ACTION ITEM
Give back all of the data, word for word.

DATASET EXTRACT
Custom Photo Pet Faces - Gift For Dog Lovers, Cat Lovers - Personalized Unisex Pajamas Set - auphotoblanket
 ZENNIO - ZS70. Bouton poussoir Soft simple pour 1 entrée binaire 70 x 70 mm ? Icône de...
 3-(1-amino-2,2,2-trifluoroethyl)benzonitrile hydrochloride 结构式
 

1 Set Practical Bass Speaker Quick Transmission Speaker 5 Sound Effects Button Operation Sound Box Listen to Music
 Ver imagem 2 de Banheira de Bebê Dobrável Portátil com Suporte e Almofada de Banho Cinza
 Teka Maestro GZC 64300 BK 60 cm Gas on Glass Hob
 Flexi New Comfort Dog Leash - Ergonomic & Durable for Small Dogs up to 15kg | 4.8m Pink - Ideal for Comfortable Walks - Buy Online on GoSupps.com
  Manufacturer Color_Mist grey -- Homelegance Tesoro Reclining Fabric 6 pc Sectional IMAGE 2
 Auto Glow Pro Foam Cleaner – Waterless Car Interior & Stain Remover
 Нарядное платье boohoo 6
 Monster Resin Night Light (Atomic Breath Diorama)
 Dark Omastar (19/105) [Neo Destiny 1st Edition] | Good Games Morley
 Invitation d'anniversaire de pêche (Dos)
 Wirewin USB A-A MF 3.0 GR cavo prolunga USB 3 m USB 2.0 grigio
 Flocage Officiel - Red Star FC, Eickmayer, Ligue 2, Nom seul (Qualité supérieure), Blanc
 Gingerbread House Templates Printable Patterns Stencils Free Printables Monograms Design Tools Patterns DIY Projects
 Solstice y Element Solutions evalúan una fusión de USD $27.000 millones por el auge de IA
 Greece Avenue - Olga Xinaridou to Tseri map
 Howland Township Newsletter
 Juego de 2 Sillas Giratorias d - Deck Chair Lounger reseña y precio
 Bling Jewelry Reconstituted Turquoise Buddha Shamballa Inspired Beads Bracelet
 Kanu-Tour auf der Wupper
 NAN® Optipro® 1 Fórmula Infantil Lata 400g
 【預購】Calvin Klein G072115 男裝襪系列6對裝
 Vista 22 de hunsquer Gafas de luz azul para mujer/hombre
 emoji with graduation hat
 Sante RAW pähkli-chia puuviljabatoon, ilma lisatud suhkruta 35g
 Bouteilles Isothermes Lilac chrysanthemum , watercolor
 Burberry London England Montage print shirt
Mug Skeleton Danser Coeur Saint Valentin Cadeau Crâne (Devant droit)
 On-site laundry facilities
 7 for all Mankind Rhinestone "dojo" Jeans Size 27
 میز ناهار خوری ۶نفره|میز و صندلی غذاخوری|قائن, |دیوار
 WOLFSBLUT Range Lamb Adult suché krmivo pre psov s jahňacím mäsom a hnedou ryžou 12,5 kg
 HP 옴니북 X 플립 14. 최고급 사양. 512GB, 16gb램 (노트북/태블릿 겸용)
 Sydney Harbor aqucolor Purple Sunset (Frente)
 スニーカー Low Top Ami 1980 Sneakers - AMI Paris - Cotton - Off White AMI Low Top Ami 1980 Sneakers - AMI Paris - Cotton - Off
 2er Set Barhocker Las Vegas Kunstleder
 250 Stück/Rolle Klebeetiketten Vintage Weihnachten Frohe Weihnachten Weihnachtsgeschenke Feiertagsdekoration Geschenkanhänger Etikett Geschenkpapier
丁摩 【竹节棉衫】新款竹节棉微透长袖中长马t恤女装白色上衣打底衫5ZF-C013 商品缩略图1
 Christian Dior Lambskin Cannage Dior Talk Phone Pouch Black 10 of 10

SOLUTION TO THIS TASK
Custom Photo Pet Faces - Gift For Dog Lovers, Cat Lovers - Personalized Unisex Pajamas Set - auphotoblanket
 ZENNIO - ZS70. Bouton poussoir Soft simple pour 1 entrée binaire 70 x 70 mm ? Icône de...
 3-(1-amino-2,2,2-trifluoroethyl)benzonitrile hydrochloride 结构式
 

1 Set Practical Bass Speaker Quick Transmission Speaker 5 Sound Effects Button Operation Sound Box Listen to Music
 Ver imagem 2 de Banheira de Bebê Dobrável Portátil com Suporte e Almofada de Banho Cinza
 Teka Maestro GZC 64300 BK 60 cm Gas on Glass Hob
 Flexi New Comfort Dog Leash - Ergonomic & Durable for Small Dogs up to 15kg | 4.8m Pink - Ideal for Comfortable Walks - Buy Online on GoSupps.com
  Manufacturer Color_Mist grey -- Homelegance Tesoro Reclining Fabric 6 pc Sectional IMAGE 2
 Auto Glow Pro Foam Cleaner – Waterless Car Interior & Stain Remover
 Нарядное платье boohoo 6
 Monster Resin Night Light (Atomic Breath Diorama)
 Dark Omastar (19/105) [Neo Destiny 1st Edition] | Good Games Morley
 Invitation d'anniversaire de pêche (Dos)
 Wirewin USB A-A MF 3.0 GR cavo prolunga USB 3 m USB 2.0 grigio
 Flocage Officiel - Red Star FC, Eickmayer, Ligue 2, Nom seul (Qualité supérieure), Blanc
 Gingerbread House Templates Printable Patterns Stencils Free Printables Monograms Design Tools Patterns DIY Projects
 Solstice y Element Solutions evalúan una fusión de USD $27.000 millones por el auge de IA
 Greece Avenue - Olga Xinaridou to Tseri map
 Howland Township Newsletter
 Juego de 2 Sillas Giratorias d - Deck Chair Lounger reseña y precio
 Bling Jewelry Reconstituted Turquoise Buddha Shamballa Inspired Beads Bracelet
 Kanu-Tour auf der Wupper
 NAN® Optipro® 1 Fórmula Infantil Lata 400g
 【預購】Calvin Klein G072115 男裝襪系列6對裝
 Vista 22 de hunsquer Gafas de luz azul para mujer/hombre
 emoji with graduation hat
 Sante RAW pähkli-chia puuviljabatoon, ilma lisatud suhkruta 35g
 Bouteilles Isothermes Lilac chrysanthemum , watercolor
 Burberry London England Montage print shirt
Mug Skeleton Danser Coeur Saint Valentin Cadeau Crâne (Devant droit)
 On-site laundry facilities
 7 for all Mankind Rhinestone "dojo" Jeans Size 27
 میز ناهار خوری ۶نفره|میز و صندلی غذاخوری|قائن, |دیوار
 WOLFSBLUT Range Lamb Adult suché krmivo pre psov s jahňacím mäsom a hnedou ryžou 12,5 kg
 HP 옴니북 X 플립 14. 최고급 사양. 512GB, 16gb램 (노트북/태블릿 겸용)
 Sydney Harbor aqucolor Purple Sunset (Frente)
 スニーカー Low Top Ami 1980 Sneakers - AMI Paris - Cotton - Off White AMI Low Top Ami 1980 Sneakers - AMI Paris - Cotton - Off
 2er Set Barhocker Las Vegas Kunstleder
 250 Stück/Rolle Klebeetiketten Vintage Weihnachten Frohe Weihnachten Weihnachtsgeschenke Feiertagsdekoration Geschenkanhänger Etikett Geschenkpapier
丁摩 【竹节棉衫】新款竹节棉微透长袖中长马t恤女装白色上衣打底衫5ZF-C013 商品缩略图1
 Christian Dior Lambskin Cannage Dior Talk Phone Pouch Black 10 of 10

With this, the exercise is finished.